Harratines : Identité esclave, docker ou pauvre mais...



En Mauritanie la manutention est à 95% un métier haratine. Ils sont parfois dockers de père à fils. Les dockers sont quasiment tous pauvres avec des travaux précaires. Et tous pensent, chaque jour est un autre jour où tout est à refaire… Habitants, en grande partie, dans les squats taudis, ils ont tous en commun la misère, la précarité, l’incertitude du pain du lendemain et tous gardent l’espoir d’assister un jour la valorisation de leur métier. Docker, un boulot harratines ? Pourquoi ?
60 ans et toujours docker
5665 dockers étaient inscrits sur la liste des manutentionnaires. Ils sont tous occasionnels ; différents des dockers professionnels qui, eux, travaillent dans les calles des bateaux. Après une mise à jour de la liste qui a concerné l’âge et l’aptitude physique, les dockers sont maintenant au nombre 2375 sur le registre. Ils sont tous aptes et âgés de moins de 60 ans. Ils chargent à 1500 UM la tonne, le prix de la tonne était de 800 UM avant leur grève en 2013. Les camions acheminent la même marchandise vers la ville distant du port d’environ 12 km à raison de 7000 UM la tonne. Un docker, s’il arrivait à travailler, gagne entre 10 à 15 000 UM par jour. Seulement au port, la manutention se fait à tour de rôle parmi les 2375 dockers inscrits sur la liste. On peut rester trois semaines sans être appelé. Ces gens qui travaillent du jour au jour sont soumis à une organisation rigoureuse. Tous doivent travailler mais personne ne doit être lésé. Alors quel qu’en soit la dèche on doit attendre son tour sur la liste. Par contre les dockers en ville n’ont pas de registre et déchargent à 3 ou 400 UN la tonne.

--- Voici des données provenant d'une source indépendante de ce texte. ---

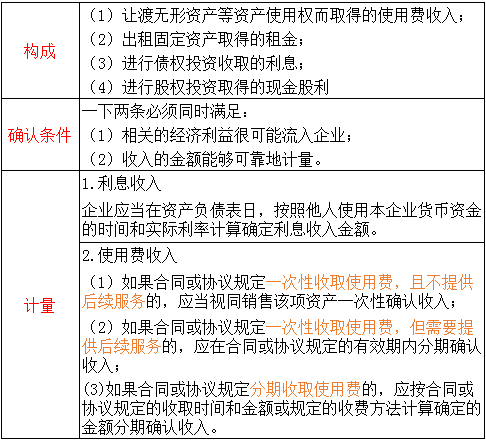 劳务派遣许可证_劳务收入确认条件(3)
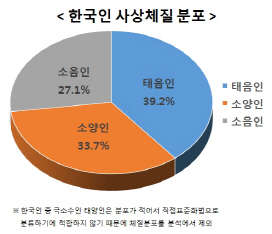 <출처:한의학연>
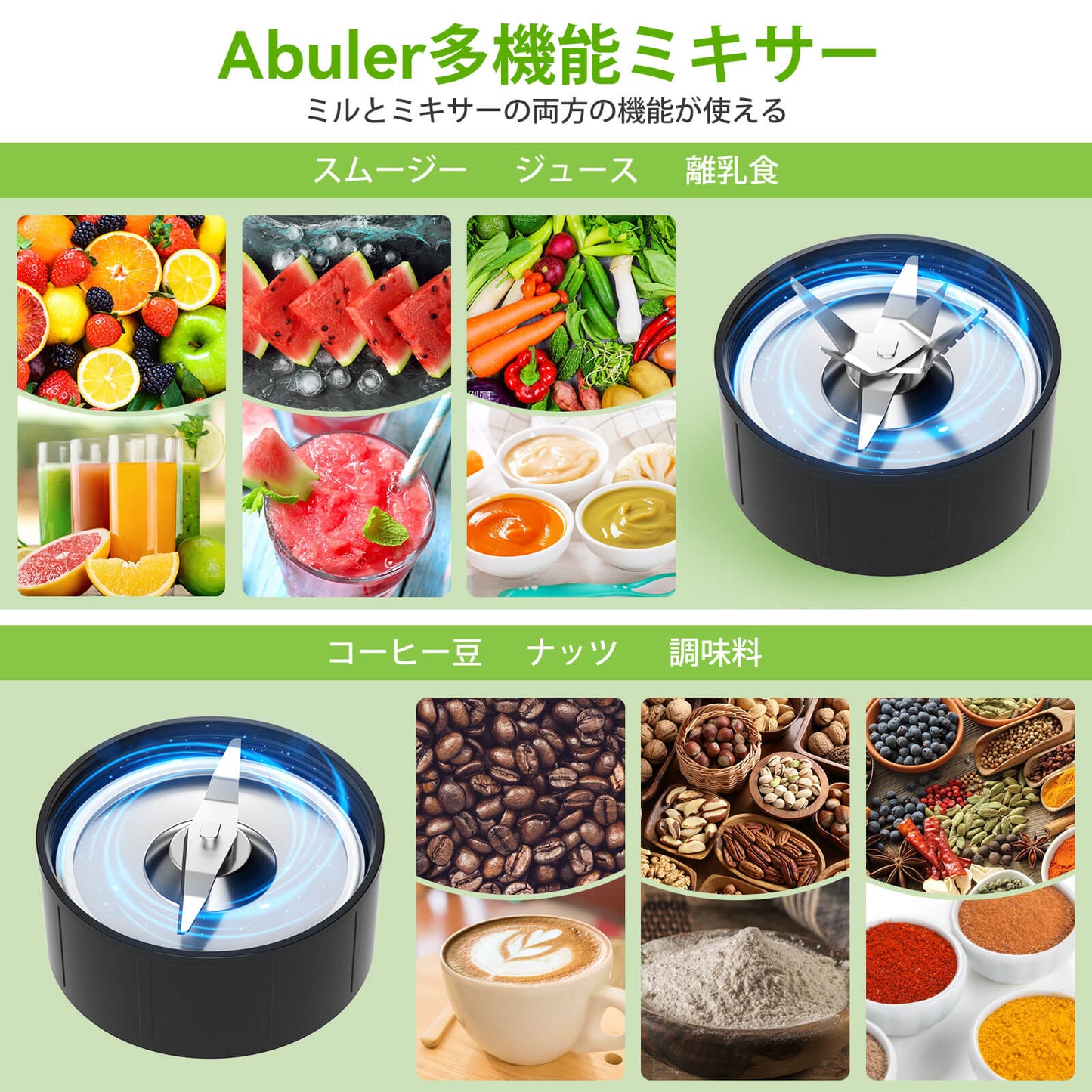 Abuler 1台多役 スムージーミキサー 450Wハイパワー ミルミキサー 3段階モード調節 ブレンダー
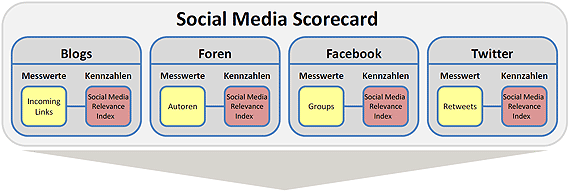 Social Media Scorecard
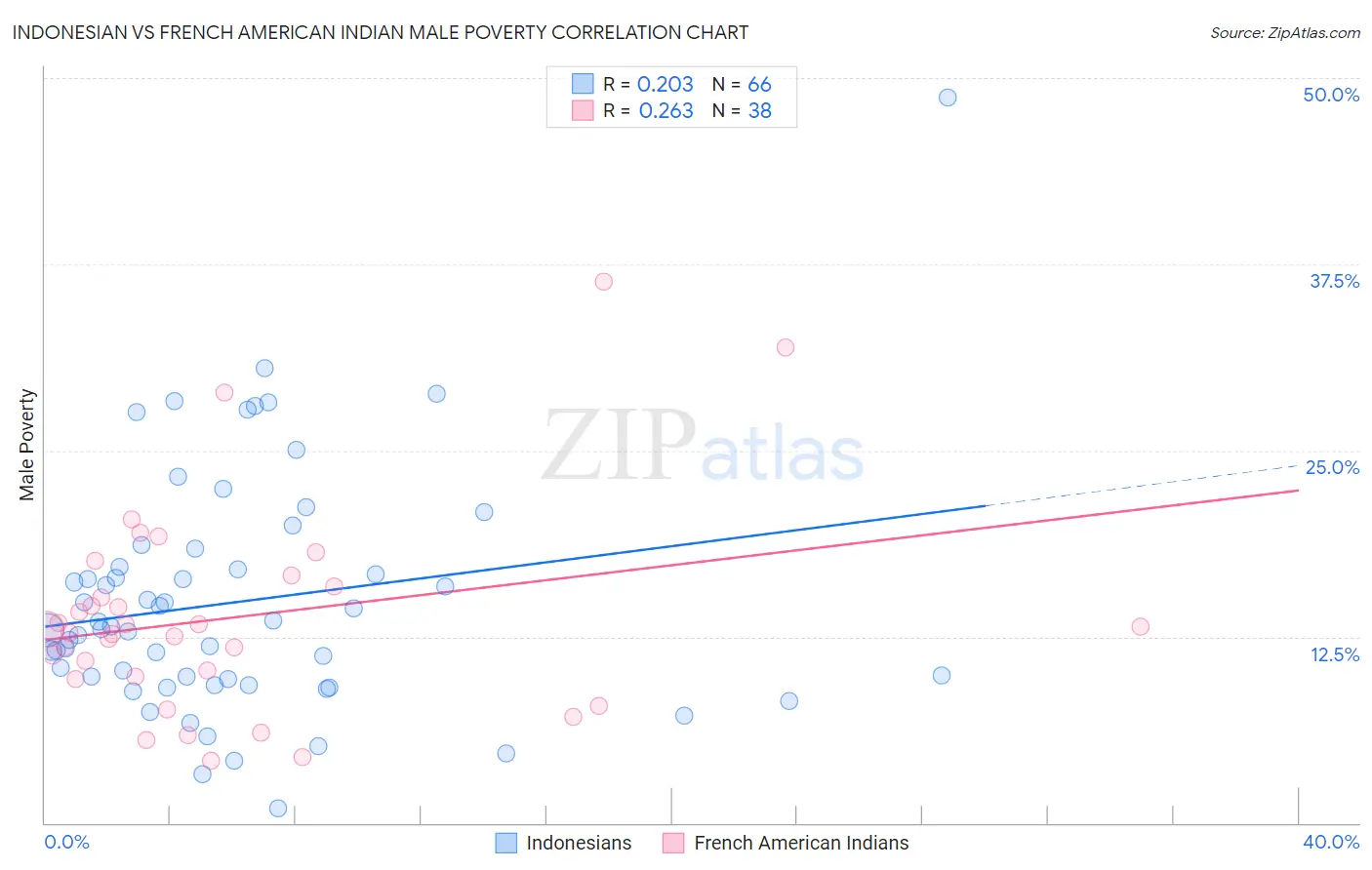 Indonesian vs French American Indian Male Poverty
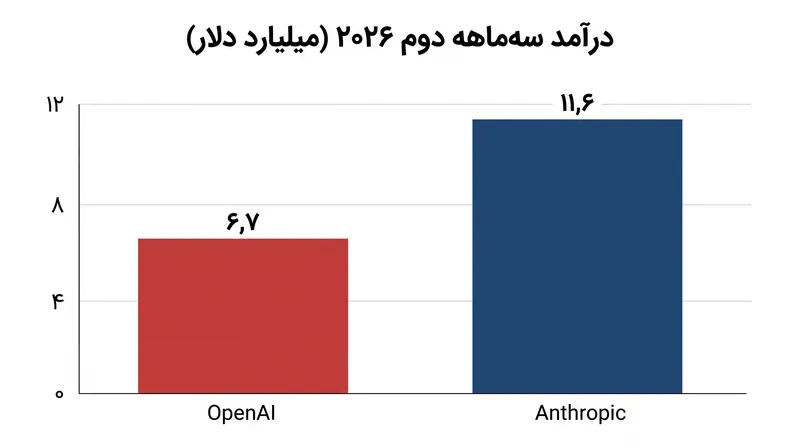 درآمد سه‌ماهه دوم Anthropic بیش از دو برابر شد و از ۶٫۷ میلیارد دلار OpenAI پیشی گرفت.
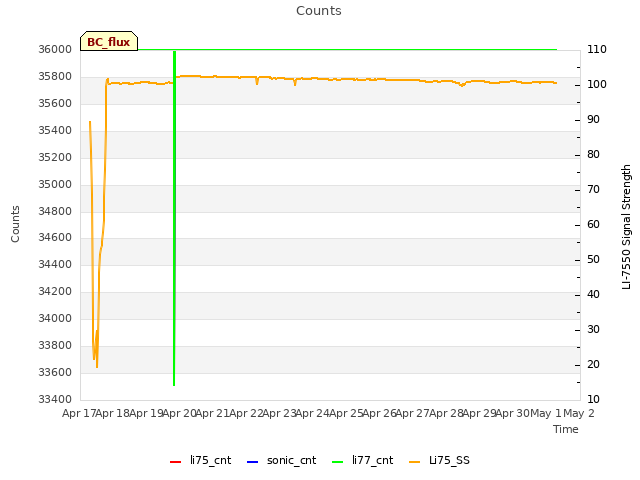 plot of Counts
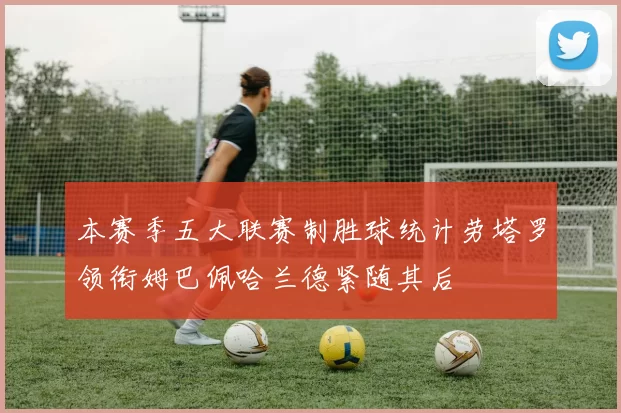 本赛季五大联赛制胜球统计劳塔罗领衔姆巴佩哈兰德紧随其后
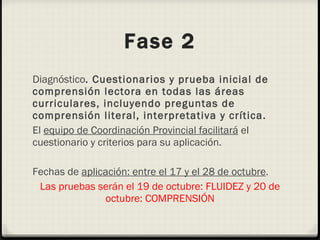 Fase 2 Diagnóstico . Cuestionarios y prueba inicial de comprensión lectora en todas las áreas curriculares, incluyendo preguntas de comprensión literal, interpretativa y crítica.  El  equipo de Coordinación Provincial facilitará  el cuestionario y criterios para su aplicación.  Fechas de  aplicación: entre el 17 y el 28 de octubre . Las pruebas serán el 19 de octubre: FLUIDEZ y 20 de octubre: COMPRENSIÓN 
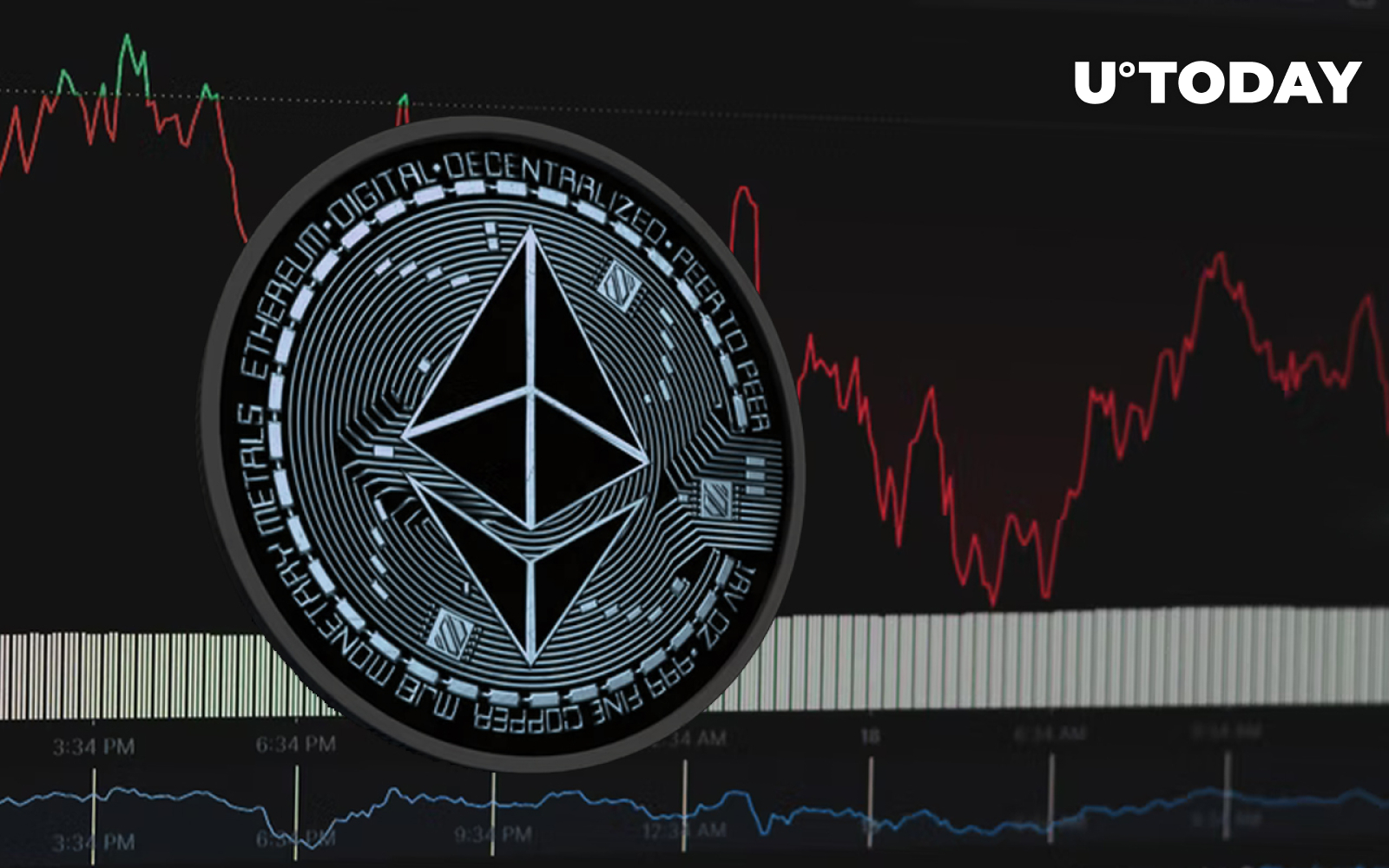 ethereum negatives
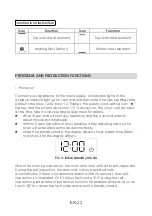 Предварительный просмотр 76 страницы AYA AF71BP Instructions For Use Manual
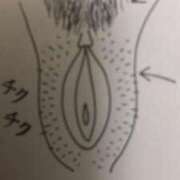 ヒメ日記 2025/07/17 12:56 投稿 北原 熟女の風俗最終章 新横浜店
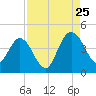 Edwards Creek tide chart for Friday, August 25, 2023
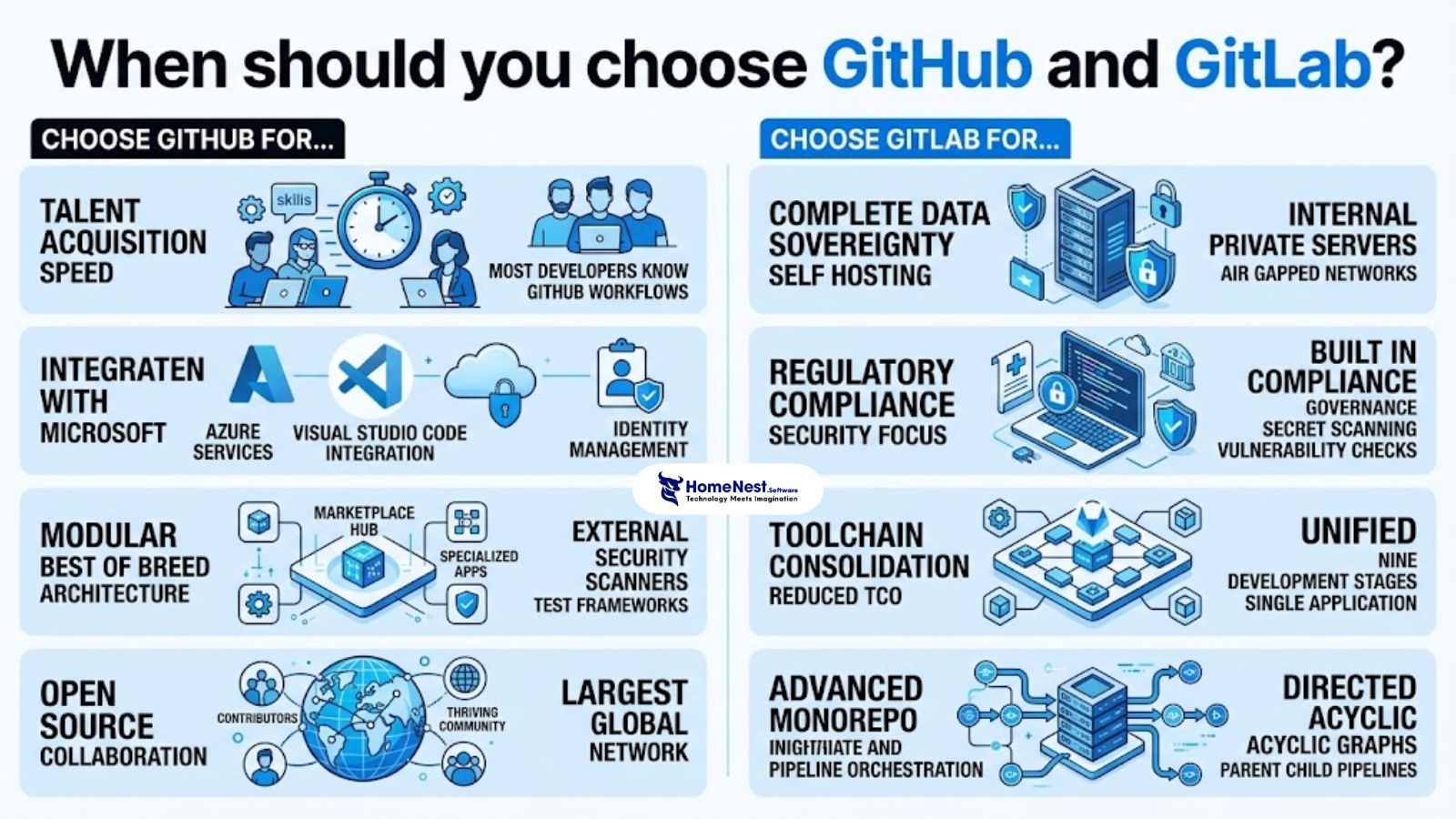 When should you choose GitHub and GitLab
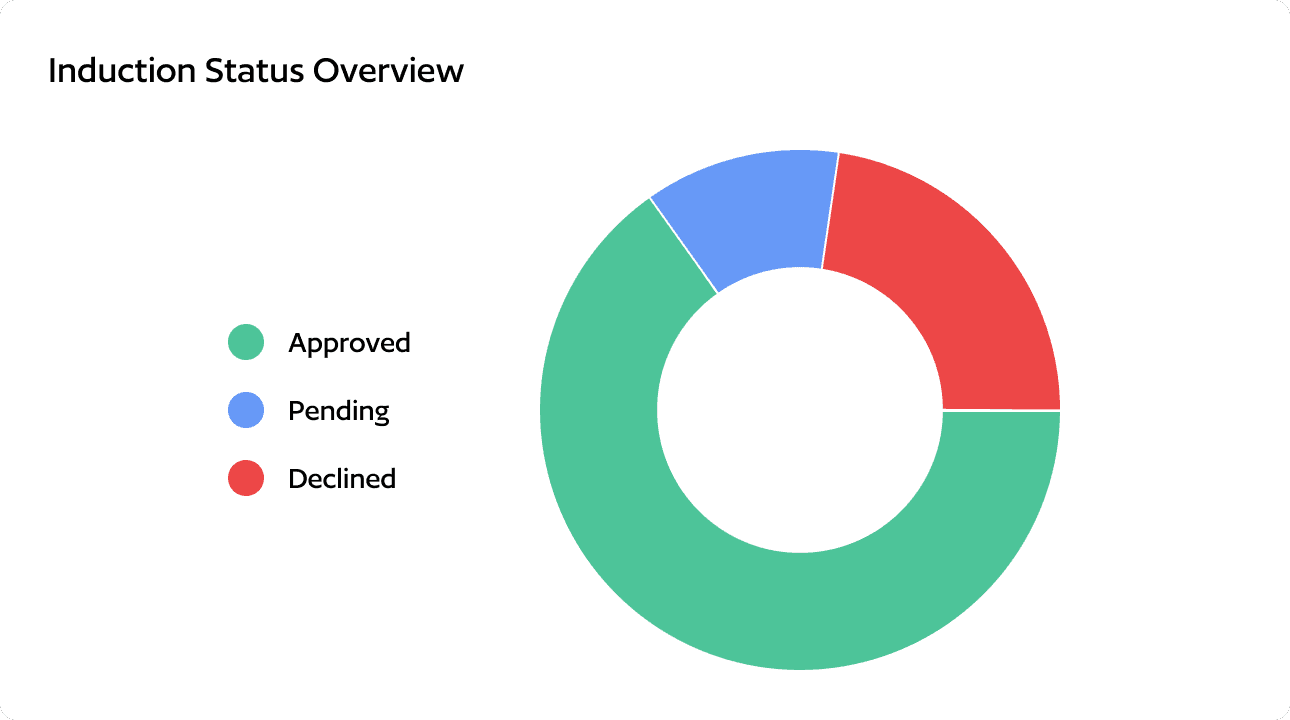 Plexa Dashboard - Induction Status Overview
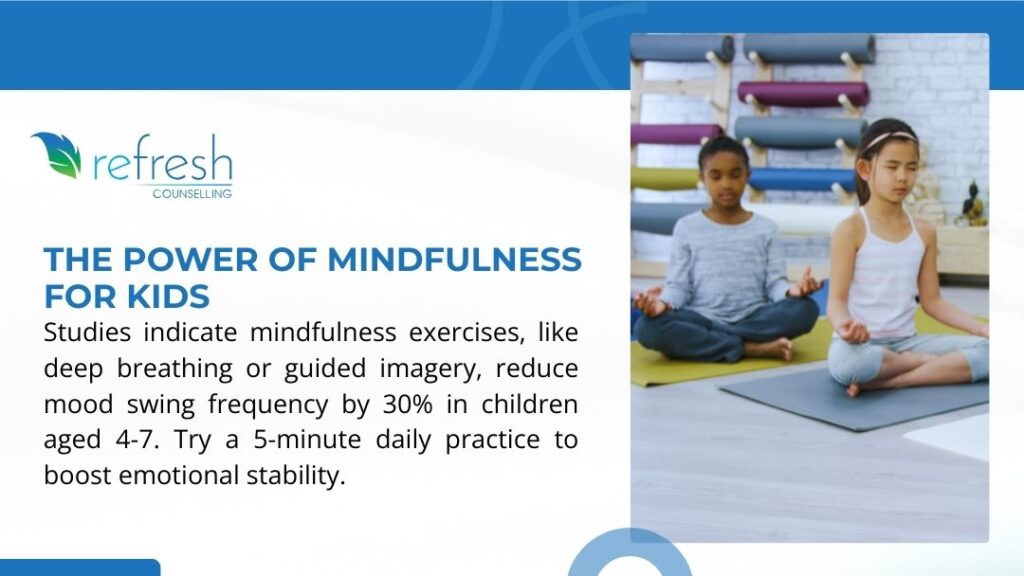 Two children practicing mindfulness with deep breathing, sitting on mats in a calm room with yoga equipment, promoting emotional stability.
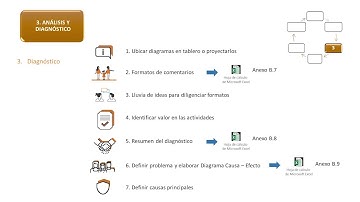 Videoclip 6. Paso 3.3 - Diagnóstico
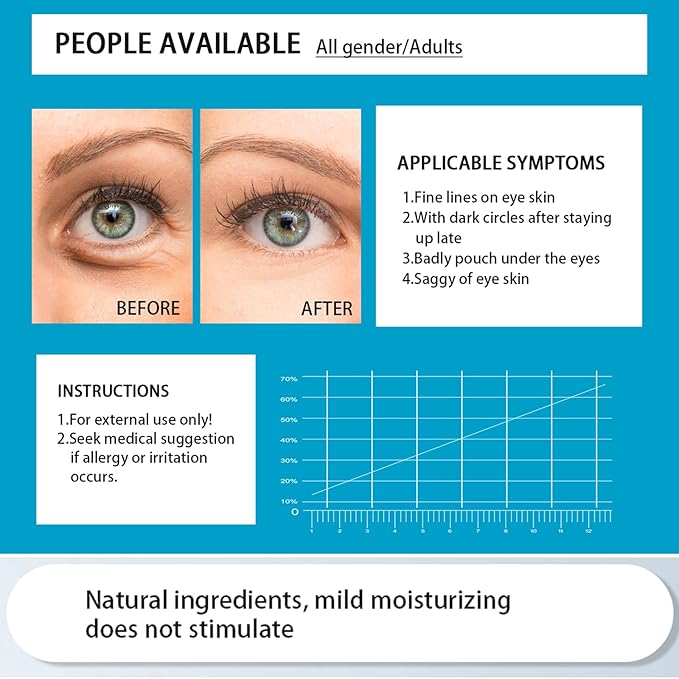 30 Pairs Lip Mask Under Eye Masks Patches, Crystal Collagen Hydrating Moisturizing Smoothing Lips Gel Pads for Puffy Eyes Bags,Dark Circles,Puffiness,Fine Lines,Wrinkles,Anti-Aging Sakura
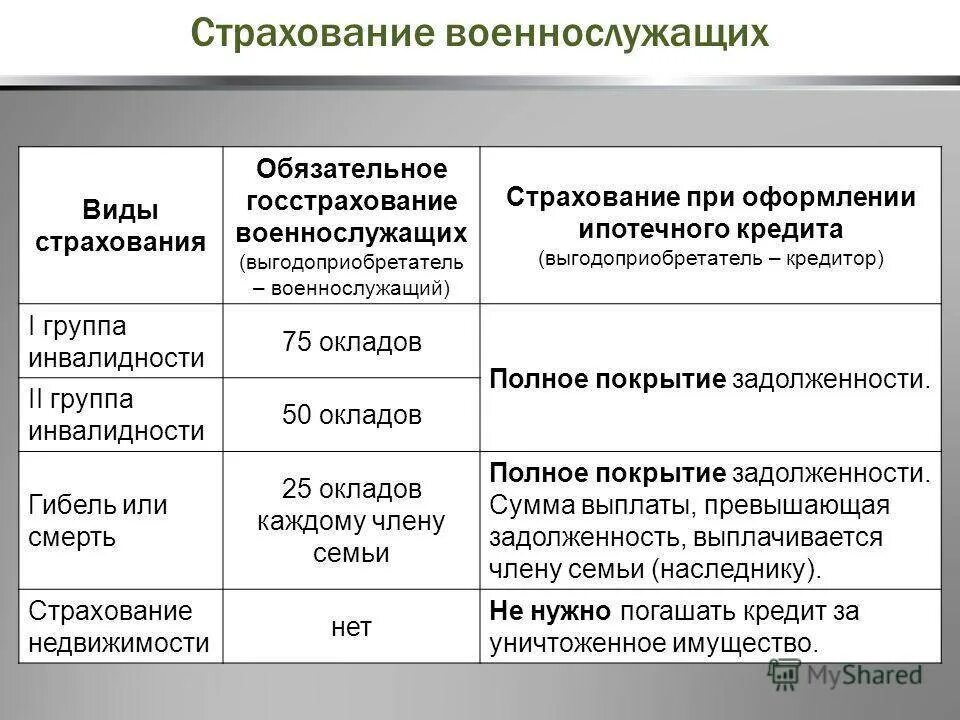 Договор социального страхования работников. Страхование военнослужащих. Система обязательного страхования жизни и здоровья военнослужащих. Обязательное государственное страхование военнослужащих. Страхование жизни военнослужащих.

En ville, la tonne a atteint 800 UM durant la période du mouvement des dockers du port avant de chuter à 400 voire même 300 UM. Les commerçants en ville ont réussi à diviser les dockers « chaque commerçant a fait appel aux anciens esclaves de sa tribu pour faire décharger ces camions moyennant un prix dérisoire. Et s’ils arrivent à demander une augmentation, les commerçants font appel aux maliens ». déclare Haj
Docker par ascendance ?
« Sur les 2375 dockers inscrits, les plus chanceux peuvent être appelés deux fois par mois mais toutefois durant le mois chacun de la liste trouve son tour de boulot » déclare Haaj. L’assurance d’un docker ne dépasse pas la porte du port. C'est-à-dire dès que vous débauchez, le bureau du port ne vous connait plus». Et Haj d’ajouter « notre situation à l’origine s’explique par l’esclavage. Les maitres de nos parents leur ont fait comprendre que leur paradis dépend de leur soumission à leur volonté. Ils leur ont dit qu’ils n’ont pas besoin d’apprendre et même la religion ils étaient exemptés. L’essentiel c’est être au service du maitre. Nous sommes les produits de cette situation et nous ne pouvons que devenir dockers. Car le fils d’un docker ne pouvait qu’être un docker. C’est notre identité, esclave ou haratine mais toutefois une infime minorité est sortie de ce rang car on en voit des haratines ministres... (Rires) »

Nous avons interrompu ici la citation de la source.